Direct single molecule measurement of TCR triggering by agonist pMHC in living primary T cells

Abstract

T cells discriminate between self and foreign antigenic peptides, displayed on antigen presenting cell surfaces, via the TCR. While the molecular interactions between TCR and its ligands are well characterized in vitro, quantitative measurements of these interactions in living cells are required to accurately resolve the physical mechanisms of TCR signaling. We report direct single molecule measurements of TCR triggering by agonist pMHC in hybrid junctions between live primary T cells and supported lipid membranes. Every pMHC:TCR complex over the entire cell is tracked while simultaneously monitoring the local membrane recruitment of ZAP70, as a readout of TCR triggering. Mean dwell times for pMHC:TCR molecular binding of 5 and 54 s were measured for two different pMHC:TCR systems. Single molecule measurements of the pMHC:TCR:ZAP70 complex indicate that TCR triggering is stoichiometric with agonist pMHC in a 1:1 ratio. Thus any signal amplification must occur downstream of TCR triggering. DOI:http://dx.doi.org/10.7554/eLife.00778.001.
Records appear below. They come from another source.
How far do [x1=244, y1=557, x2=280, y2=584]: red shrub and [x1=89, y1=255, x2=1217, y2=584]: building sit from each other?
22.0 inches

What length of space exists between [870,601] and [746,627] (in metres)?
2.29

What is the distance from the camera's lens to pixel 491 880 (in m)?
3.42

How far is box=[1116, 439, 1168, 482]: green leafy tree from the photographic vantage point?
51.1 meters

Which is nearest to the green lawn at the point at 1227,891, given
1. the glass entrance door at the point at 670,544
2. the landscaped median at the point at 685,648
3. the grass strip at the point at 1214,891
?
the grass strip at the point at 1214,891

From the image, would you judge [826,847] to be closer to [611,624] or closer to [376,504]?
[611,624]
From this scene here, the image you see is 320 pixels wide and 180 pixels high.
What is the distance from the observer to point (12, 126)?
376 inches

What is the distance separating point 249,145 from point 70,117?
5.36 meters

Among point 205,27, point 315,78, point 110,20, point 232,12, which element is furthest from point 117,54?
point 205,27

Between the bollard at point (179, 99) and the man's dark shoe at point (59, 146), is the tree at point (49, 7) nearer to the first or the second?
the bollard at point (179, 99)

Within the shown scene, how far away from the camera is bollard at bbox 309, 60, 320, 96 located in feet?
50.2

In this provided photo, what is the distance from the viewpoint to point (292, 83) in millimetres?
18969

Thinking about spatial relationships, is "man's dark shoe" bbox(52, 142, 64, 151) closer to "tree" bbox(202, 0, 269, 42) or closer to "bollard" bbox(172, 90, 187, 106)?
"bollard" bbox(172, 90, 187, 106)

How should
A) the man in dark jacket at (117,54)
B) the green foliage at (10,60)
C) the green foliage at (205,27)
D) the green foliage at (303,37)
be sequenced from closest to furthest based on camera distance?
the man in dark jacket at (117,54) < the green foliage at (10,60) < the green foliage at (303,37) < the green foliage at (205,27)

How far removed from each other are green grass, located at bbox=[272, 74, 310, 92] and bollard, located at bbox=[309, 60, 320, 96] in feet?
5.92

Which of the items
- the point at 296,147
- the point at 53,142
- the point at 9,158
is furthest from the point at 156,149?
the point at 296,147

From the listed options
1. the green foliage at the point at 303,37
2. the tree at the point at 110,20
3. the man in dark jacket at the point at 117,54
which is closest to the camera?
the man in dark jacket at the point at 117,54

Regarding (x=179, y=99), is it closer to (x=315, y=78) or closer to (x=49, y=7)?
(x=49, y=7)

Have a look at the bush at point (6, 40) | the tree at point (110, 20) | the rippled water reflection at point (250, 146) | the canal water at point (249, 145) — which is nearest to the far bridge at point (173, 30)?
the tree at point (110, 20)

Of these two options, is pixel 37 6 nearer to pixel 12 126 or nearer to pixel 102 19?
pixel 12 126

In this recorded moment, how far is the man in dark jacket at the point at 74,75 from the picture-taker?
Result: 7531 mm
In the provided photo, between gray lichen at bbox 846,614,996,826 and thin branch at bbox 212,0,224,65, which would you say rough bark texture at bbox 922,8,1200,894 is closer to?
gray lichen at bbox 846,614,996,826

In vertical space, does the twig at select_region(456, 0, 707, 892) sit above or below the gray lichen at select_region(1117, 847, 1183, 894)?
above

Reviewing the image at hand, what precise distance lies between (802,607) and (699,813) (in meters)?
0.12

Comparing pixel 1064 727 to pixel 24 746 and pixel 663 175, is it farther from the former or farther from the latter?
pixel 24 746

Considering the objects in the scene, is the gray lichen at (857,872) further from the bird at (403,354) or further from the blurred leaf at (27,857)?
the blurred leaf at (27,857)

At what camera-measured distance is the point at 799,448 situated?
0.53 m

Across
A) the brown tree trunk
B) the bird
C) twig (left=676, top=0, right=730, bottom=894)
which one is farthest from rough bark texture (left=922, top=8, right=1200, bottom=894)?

Keywords: Mouse; T cells; TCR triggering; single molecule kinetics.

Figure 1.. Agonist pMHC binding to TCR in T cells is revealed by changes in mobility.

(A) Schematic of the hybrid live cell–SLB system. Binding of agonist pMHC to TCR (PDB, 3QIU) leads to phosphorylation of ITAMs, on the intracellular domain of the TCR, which is followed by recruitment of the kinase ZAP70 (PDB, 2OQI, 2OZO). We directly observe both pMHC:TCR binding and ZAP70:ITAM recruitment using single molecule fluorescence microscopy (bilayer adapted from Domanski et al., 2010). (B) At short exposure times (17.5 ms, left) all agonist pMHC molecules are readily resolved. Imaging with a long exposure time (500 ms, right) allows for unambiguous discrimination between the slow, TCR-bound fraction of agonist pMHC and the fast diffusing fraction. This also allows for long (1–10 s interval) time-lapse sequences (Video 1). Automated detection of single molecule features (red circles) is discussed in methods. (C) Representative intensity trace showing a single agonist pMHC molecule, identified by step photobleaching, bound continuously for ∼60 s. (D) Step size histogram of single agonist pMHC molecules in a SLB is bimodal under T cells (red) and unimodal before addition of T cells (blue). pMHC molecules in (B)–(D) were labeled with Atto647N on the MCC peptide. DOI: http://dx.doi.org/10.7554/eLife.00778.003

Figure 2.. TCR and MCC agonist pMHC colocalization.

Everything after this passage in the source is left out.